Last week, a coaching colleague of mine slipped this into a conversation we were having about life: “Success doesn’t buy you happiness.” True enough. I’ve had clients who had jobs they loved and who were paid quite well, clients who had power and influence and clients who were successful in other ways—and they were burned out, confused and definitely not happy. So my friend was right about success not buying happiness.
But what does that really mean? Many have been suggesting for a long time that we redefine success—to take measurable success out of the equation (money, job title, etc.) and instead replace it with personal joy and professional fulfillment—and I’m sure most of us would agree that that would be a good thing. But in the process, may I suggest that we don’t make excuses for giving up on becoming more than we are today. Here are some helpful tips to get you back on track toward happiness.
Think like your childhood self. As children, we start out in life with audacious thoughts and outlandish dreams. Then we grow up, and it dawns on us that it’s not so easy. We get bruised—or even beaten up—by life, and we begin to question ourselves and we start to wonder what we can do that might be more “reasonable.” Like having a steady job, paying off the mortgage or taking a well-deserved vacation. Achieving reasonable goals will not provide the same satisfaction as achieving those higher standards you set for yourself way back when.
Do not adjust your expectations. I don’t know of anyone who has ever consciously made a decision to live an average life or has ever aspired to only go so far and say, “I guess I should just be happy with where I am, what I have and who I appear to be.” While success may not buy happiness, let me turn the coin over and ask, “Does failure buy us happiness?” “Does ‘adjusting our expectations’ buy us happiness?” “Does giving up on our dreams buy us happiness?” I’ve never met a person who felt like they were failing in some way who was happy.
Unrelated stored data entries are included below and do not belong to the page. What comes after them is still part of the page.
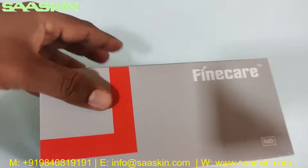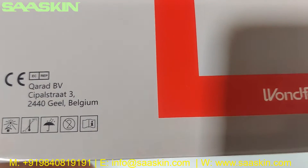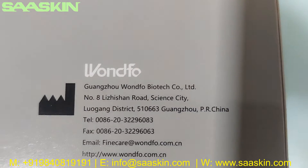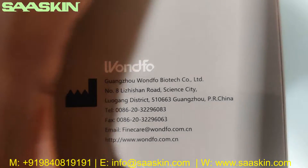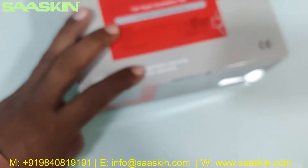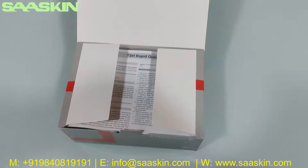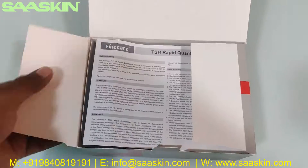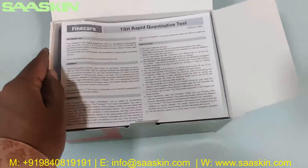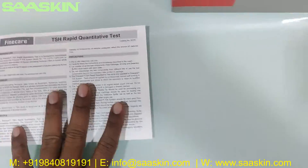The box shows the manufacturing location from China. I'm going to unbox this for you. Inside the box, you can see there is an instruction for use leaflet.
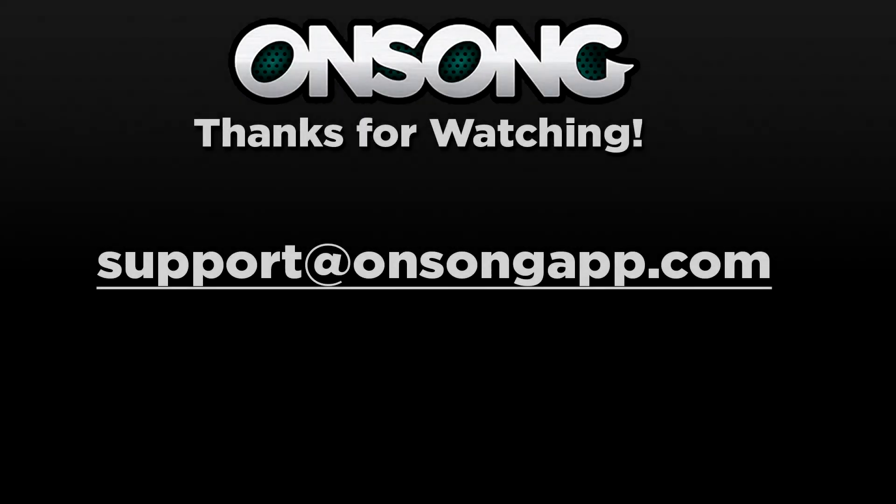I hope this video tutorial has helped you guys. Stay tuned for more video tutorials and product reviews. If you have any other questions, feel free to email us at support@onsongapp.com. Thanks guys!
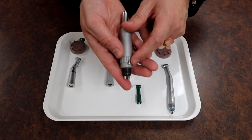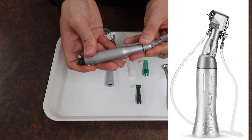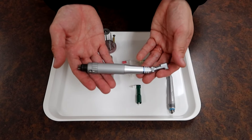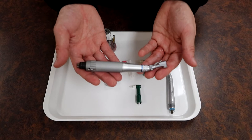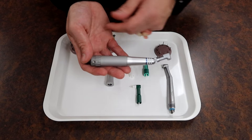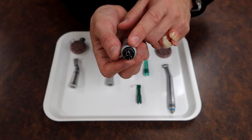That waterline port is nice because it accommodates a little hose to shoot water, for attachments that go off the top that may require water. Generally, slow speed handpieces do not come with the ability to spray water for cooling the tooth, but for certain things you might have this port available.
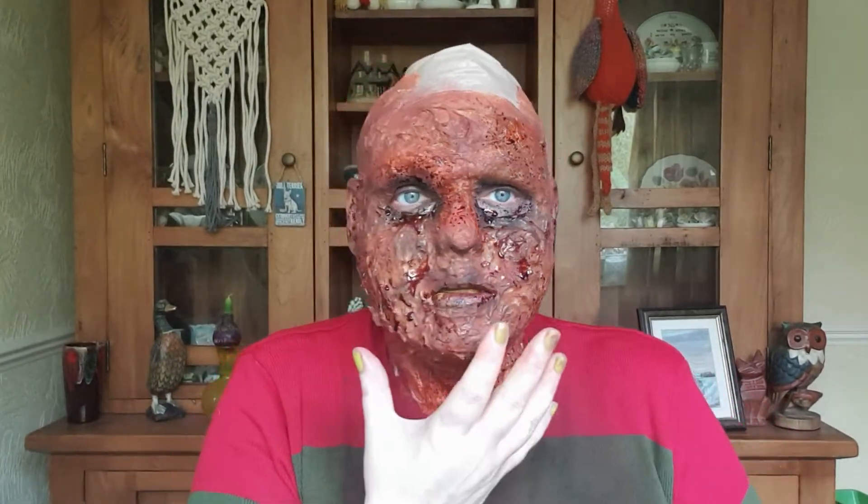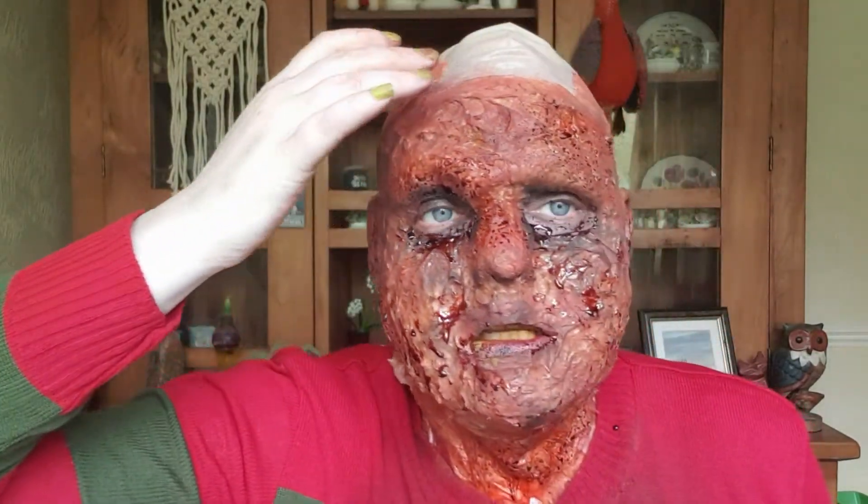Yeah, it's still me! I put some tooth enamel on my teeth to make them look nicotine-stained and gross — it absolutely tastes disgusting. So yeah, this is my mask. I wanted it to look realistic — obviously gross — actually bleeding in places, with stuff coming out of his ears and everything. Really, really gross Freddy Krueger, rather than a cleaned-up version.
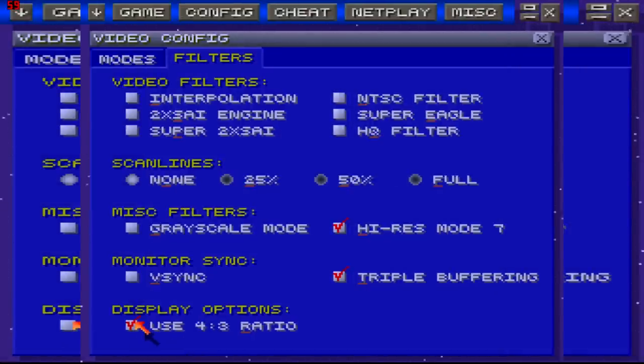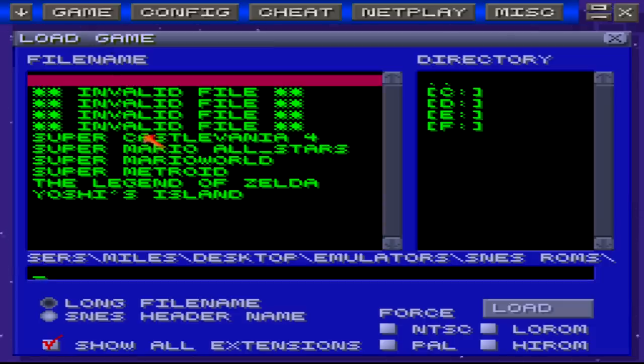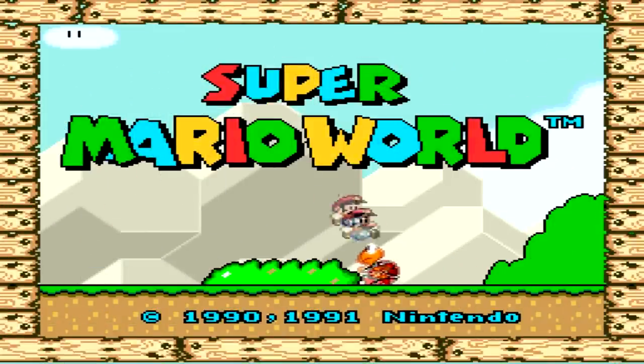That'll make the pixels a little bigger, but as you can see it does look fine. Run some Super Mario World. And now you can have full screen with 180p quality and it looks good.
As long as you are working toward a goal, you are not failing at it.
Be honest with yourself. Though success may not buy us happiness, neither does lying to ourselves and saying that we are happy while living smaller lives than we know we are capable of. Let’s be honest with ourselves and ask who we really want to be and what we really want to do. Then, let’s commit to taking a step, however small and “insignificant” it may be, in that direction. This isn’t about beating up on ourselves; it’s about looking within and seeing how powerful, creative and capable we really are.
The bottom line is that however we define “success,” we will never be happy if we think small, give in to our fears or settle for less than what we truly want and deserve in life. We are more than that, and our happiness depends upon our recognizing that truth—and then doing something about it.